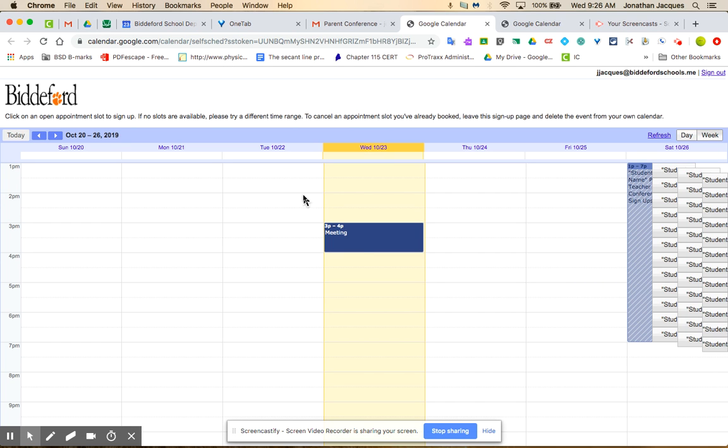So if you click on the link it brings us to Google Calendar. If you're already signed up you're going to see your events within your calendar. For example I've got a meeting today at 3.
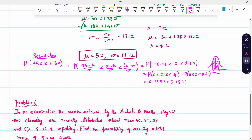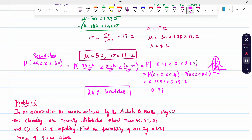The table value for 0.41 is 0.1591 and the table value for 0.47 is 0.1808. Adding both: 0.1591 + 0.1808 = 0.3399, approximately 0.34. So 34% is the second class percentage. This completes the problem.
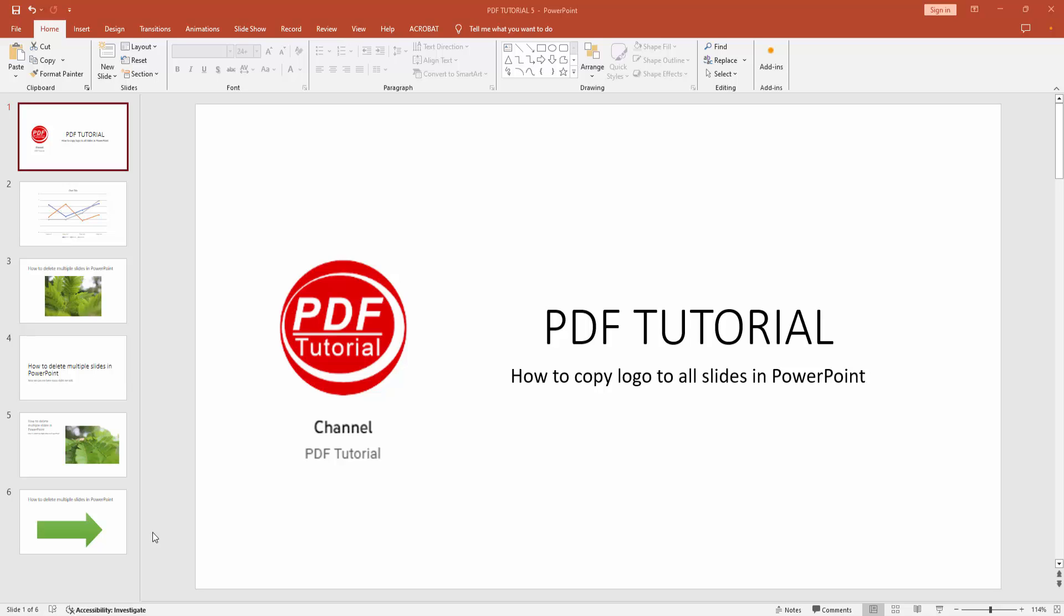Assalamualaikum, hello friends. Welcome back to another video. In this video, I'm going to show you how to copy a logo to all slides in Microsoft PowerPoint. Let's get started.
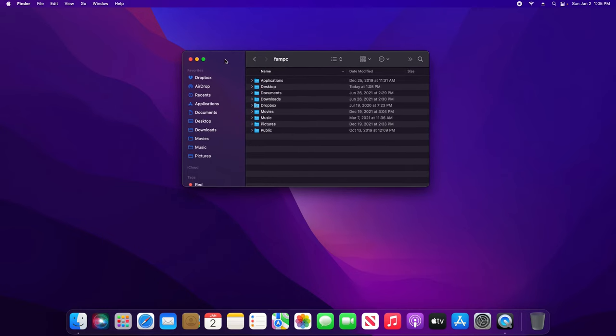To get started, just open up Finder and navigate to where you want to see if there's any hidden files or folders.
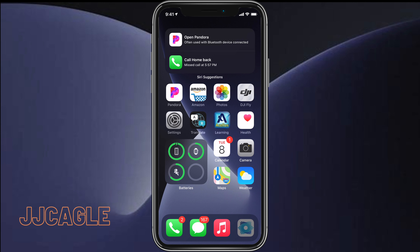Hey everyone, JJ Cagle here. Today I'm going to show you how you can improve your Apple and Beats headphone audio quality using the built-in headphone accommodation settings in iOS 14.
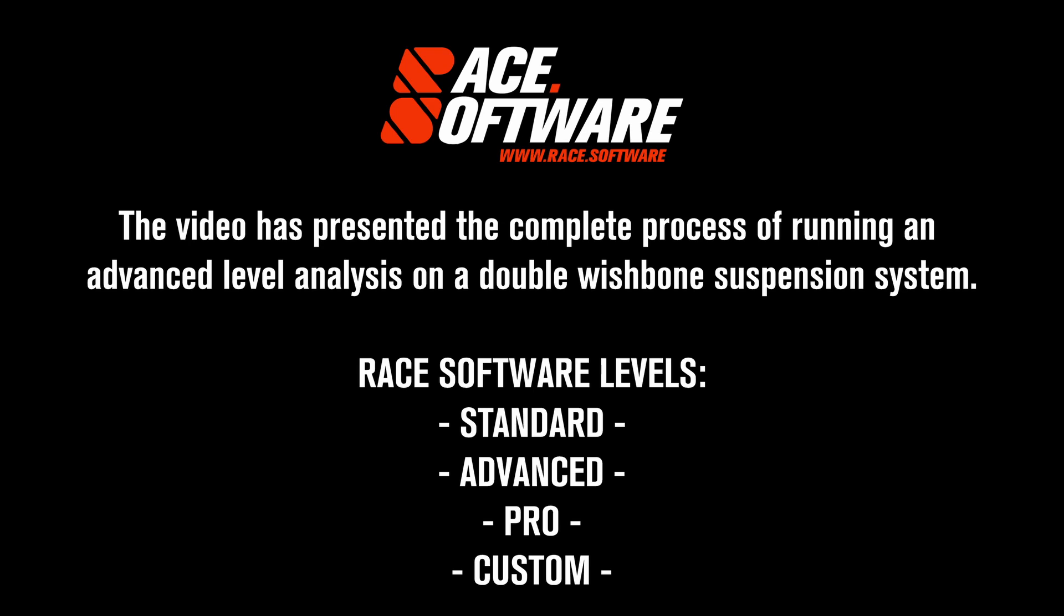Race Software: Constantly evolving. Engineer more, without coding.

→ **Exercise brief**: Return every entry unchanged and skip the pictures.

→ **Result of this task**:
So if you click on the link it brings us to Google Calendar. If you're already signed up you're going to see your events within your calendar. For example I've got a meeting today at 3.
The table value for 0.41 is 0.1591 and the table value for 0.47 is 0.1808. Adding both: 0.1591 + 0.1808 = 0.3399, approximately 0.34. So 34% is the second class percentage. This completes the problem.
Assalamualaikum, hello friends. Welcome back to another video. In this video, I'm going to show you how to copy a logo to all slides in Microsoft PowerPoint. Let's get started.
To get started, just open up Finder and navigate to where you want to see if there's any hidden files or folders.
Hey everyone, JJ Cagle here. Today I'm going to show you how you can improve your Apple and Beats headphone audio quality using the built-in headphone accommodation settings in iOS 14.
Race Software: Constantly evolving. Engineer more, without coding.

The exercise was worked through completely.